Les proxys iraniens et l'avancée libanaise
Sur une voie diplomatique parallèle, Rubio a déclaré que le gouvernement libanais dialogue directement avec Israël « pour la première fois en 30 ans » lors de trois jours de discussions à Washington. Les négociations visent à produire un « engagement d'intention » entre les deux pays, Rubio insistant sur le fait que l'armée libanaise — et non le Hezbollah — doit contrôler le territoire libanais. « Le Hezbollah n'est pas le gouvernement du Liban », a-t-il déclaré.
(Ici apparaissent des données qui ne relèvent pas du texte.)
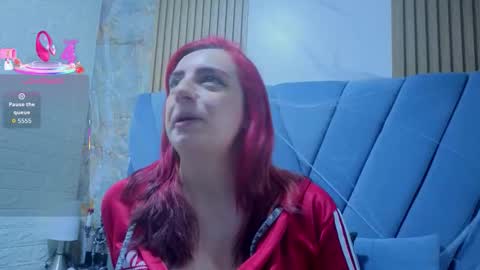 angel__red_ online show from 11.02.25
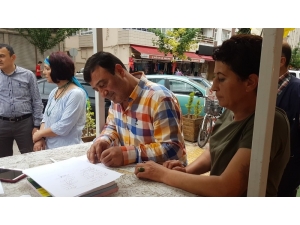 Gençlik Caddesi İçin İmza Kampanyası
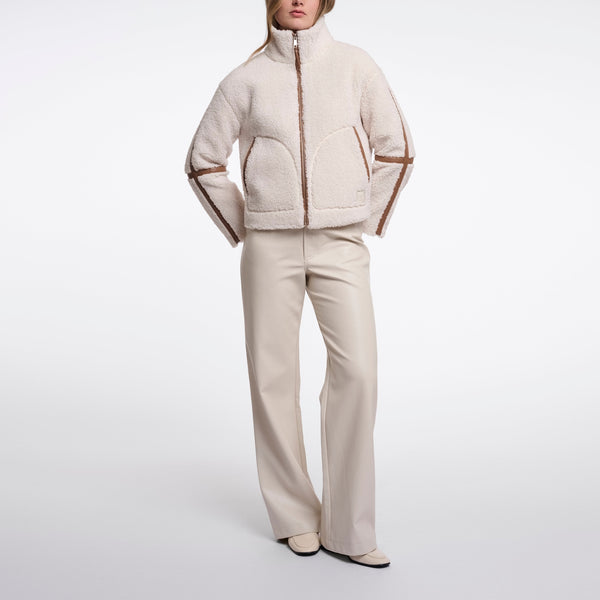 RINO & PELLE Jaydee Teddy Fleece Short Jacket with Zip in Birch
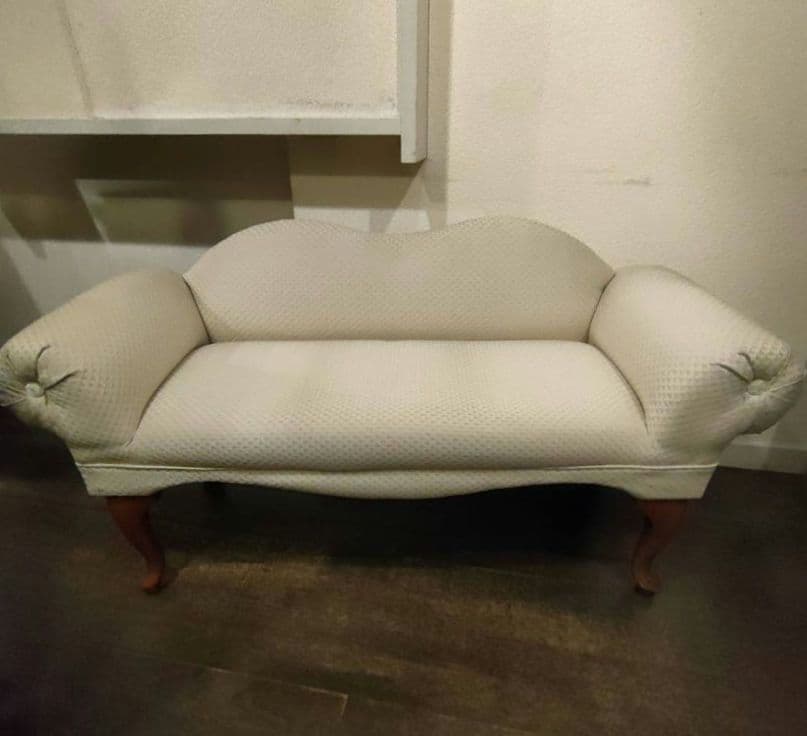ドリーム様 アンティーク2人掛け ソファ アイボリー - メルカリ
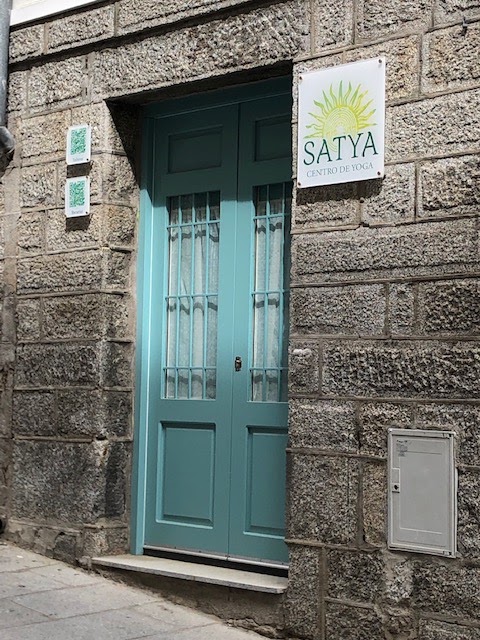 Satya Centro de Yoga — Del propietario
L'administration a remporté une victoire politique à Washington tard mercredi lorsque le Sénat a rejeté une résolution démocrate sur les pouvoirs de guerre concernant l'Iran, par 50 voix contre 47. Ce vote a inversé une résolution similaire adoptée la veille, après que les sénateurs Bill Cassidy (R-LA) et Rand Paul (R-KY) ont changé de position à la suite de réunions à la Maison-Blanche. Trump avait fait valoir que la résolution antérieure avait affaibli sa position de négociation.
Rubio a également exclu tout système de péage pour le détroit d'Ormuz, affirmant qu'il existe « un soutien nul parmi les pays du Golfe pour toute sorte de péage, de frais ou de charge pour l'utilisation des eaux internationales ». Trump avait averti l'Iran de ne pas imposer de coûts aux navires transitant par la voie navigable, qualifiant une telle mesure de potentielle rupture des négociations.
La dernière fois que les États-Unis et l'Iran sont parvenus à un cadre nucléaire — le Plan d'action global commun (JCPOA) de 2015 — les États du Golfe ont été largement écartés, et les marchés pétroliers ont initialement chuté en raison des attentes d'un retour de l'offre iranienne. Le brut Brent a chuté d'environ 5 % au cours de la semaine suivant l'annonce du JCPOA. Cette fois-ci, l'engagement de Rubio en faveur d'une consultation continue signale que Washington a compris que les alliés du Golfe exigent une place à la table des négociations.
Cet article est fourni à titre d'information uniquement et ne constitue pas un conseil en investissement.